5 Top Tips to Support Your Child’s Language Comprehension.

What can you do if your child does not understand language at an appropriate level or they have been late at talking and their comprehension is slower to develop? 

Here are 5 ways you can support their understanding.

Tip 1: Reduce the number of questions you ask

Forget about asking questions or trying to find out what your child knows. Think about telling, telling, telling, not asking, asking, asking.  Another way to think about it is that you are providing your child’s language diet, nutrition or food, by inputting words. Although it is so tempting to ask questions (especially with children who are struggling with language as you want to check what they know) try to hold back.

Tip 2: Only speak in sentences one or two words more than what your child speaks

If your child is not talking don’t use more than single words. Small colloquial phrases like ‘all gone’ and ‘oh oh, where is it?’ are okay but in general only use single words. If your child is beginning to use single words, use two words. If they are putting two words together you can add a third word so that all you are always saying is just one word ahead of their communication level. Also remember if emotions go up, your language must come down, even if you have a child who is speaking in two words. When emotions rise just use one or two words together and say less. Less is often more.

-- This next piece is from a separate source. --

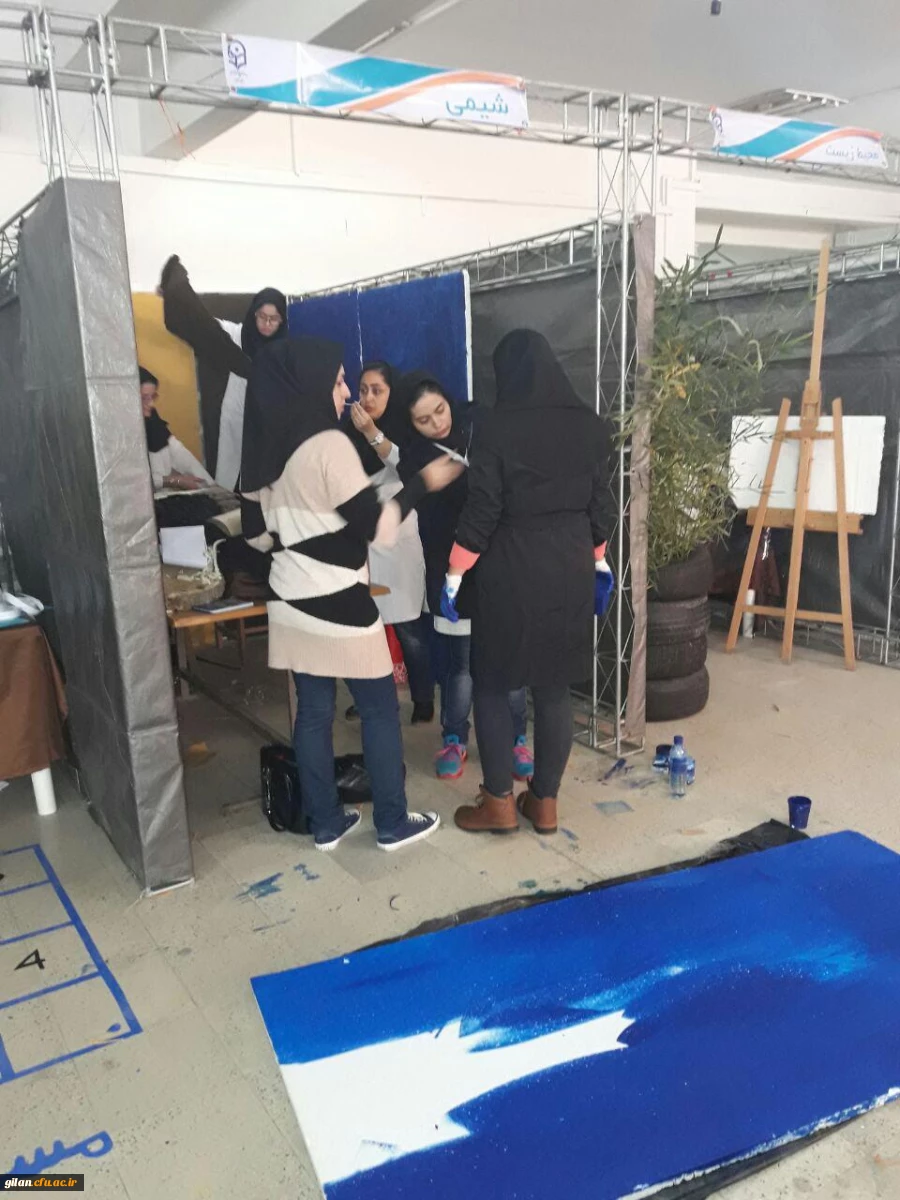 برپایی نمایشگاه در هفته پژوهش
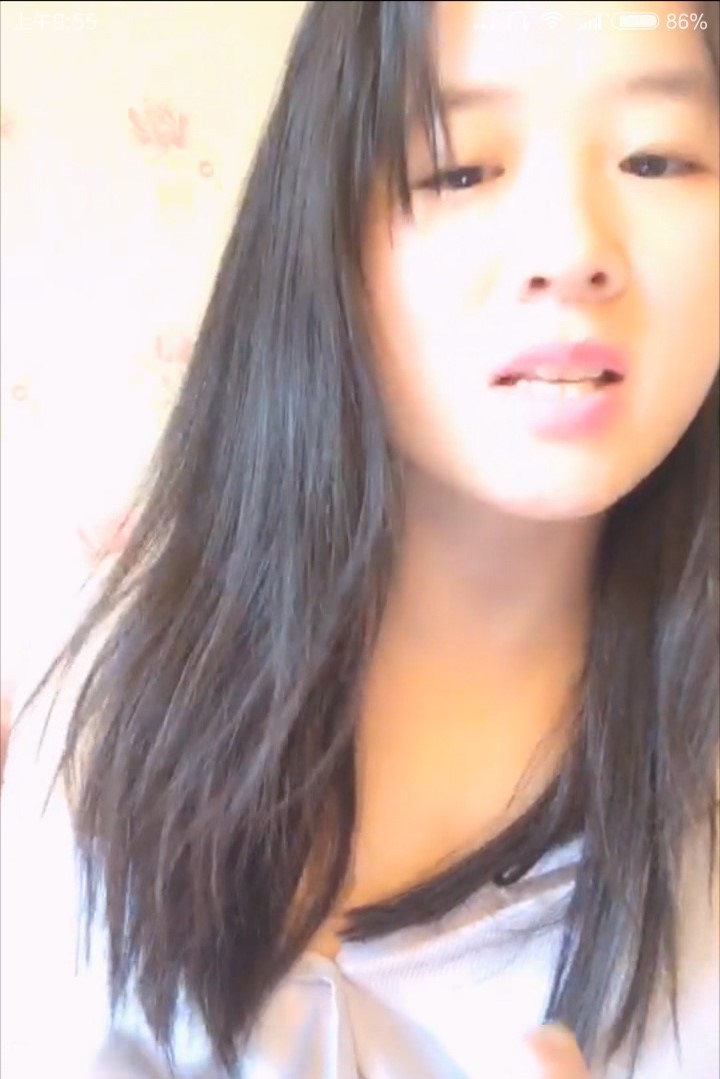 19歲嫩妹,笑起來好甜美,天天有土豪打榜,內心膨脹了,不肯接受一對一了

Tip 3: Wait for 12 to 15 seconds for a response

This can be really hard when you are worried about your child’s language development but when you have said something to your child, wait. The silence can be almost painful but children need time to process language. It is really easy to get into a pattern of revising what you say or quickly asking another question that may help, and before you know it you have said lots before your child has had a chance to say anything. Wait for 12 to 15 seconds before you say anything else. It is amazing to witness how this can help children come forward. You are not suddenly going to get words if they are not yet ready to speak but you might get a sound, an interaction, a gesture, or those that are speaking might try to say something or repeat what they said to try and make it clearer. Providing that gap or airspace is so important.

Tip 4: Show as well as tell

Show them what you mean, and give them an idea of what you are talking about. Show them a picture or take them to the place, give them all the visual cues you can. To test what your child knows on a day-to-day basis giving them that scaffold is really important.

Tip 5: Use pictures, symbols, natural gestures or signing

Again these are providing a visual cue. Research shows that adding a visual helps the neural connections that need to be made in the brain for language development to occur to be stronger and made more quickly. Adding these will not replace language (as parents whose children’s language is delayed often worry) but will reinforce those essential neural pathways. The more visuals you use the more you support your child’s comprehension. If you think about it, it makes sense, if you were doing a complicated maths equation or trying to pick out points from a passage, it is far easier if you have that written down and enabling you to go through it visually rather than to do it all based solely on your auditory processing. We do have individual differences and preferences and have stronger or weaker pathways for auditory or visual or kinaesthetic processing, but in general, if you add more than one support mechanism (or means of processing) you are going to strengthen those neural pathways.

Can Do Speech Therapy educates, supports and empowers you to deliver speech and language therapy to your child as you go about your everyday lives. Routinely implementing the 5 tips above will give your child the best chance of increasing their language comprehension. Speech therapy does not need to be delivered by a stranger in a room. It can be and will be more effective if it is about what you do with your child every day.